The motives for breaking the mould can vary significantly. Boulahrouz joked that the kit man set him up rather than it being his preference. As for the Dutch legend Davids, he wanted to set a trend of midfielders wearing the number 1 shirt but it never really caught on. Then you have Ardiles, who ended up with number one because his surname came first alphabetically. That is right, Argentina issued numbers for the 1982 World Cup based on the alphabet, so their first-choice keeper, Ubaldo Filol, ended up with the number 7 shirt.

Interesting Shirt Numbers

As well as not wearing out-of-position numbers, you have an increasing number of players choosing large, unique digits. Trent Alexander-Arnold wears 66 for Liverpool while his fellow first-choice fullback Andrew Robertson wears 26 rather than 3. Gifted French defender Bixente Lizarazu donned 69 when returning to Bayern Munich, although his reason for doing so might not be what you think. Rather than anything mischievous, it was because he was born in 1969, 1.69m tall and 69kg in weight. Although we suspect there was a playful aspect too!

There are plenty of other examples to choose from but two obvious ones that stand out, where players took especially high numbers, were Mario Balotelli’s love for 45, and the number 52 shirt Niklas Bendtner wore at Arsenal (the Danish striker previously wore 3 while at Wolfsburg).

More recently, in 2022, Newcastle signed Brazilian star Bruno Guimaraes from Lyon. The £33m defensive midfielder might have been expected to want the number six, or perhaps number four, or whichever the lowest available number was. However, Bruno, as the Geordie fans know him, wears 39 in honour of his dad! His father is a taxi driver in Rio and drives the number 39 cab!
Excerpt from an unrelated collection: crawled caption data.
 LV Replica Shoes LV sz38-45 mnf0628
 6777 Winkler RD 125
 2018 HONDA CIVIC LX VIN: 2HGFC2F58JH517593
Manchester United’s Number 7

White 7 Against Red Background

When it comes to the numbers players have taken over the years there really are so many interesting stories to look at. The number seven at Manchester United was historically an important one at the club, with greats including George Best, Bryan Robson and Eric Cantona wearing it. Reportedly Sir Alex Ferguson did not want David Beckham to have the number, believing there was already more than enough attention on the young star.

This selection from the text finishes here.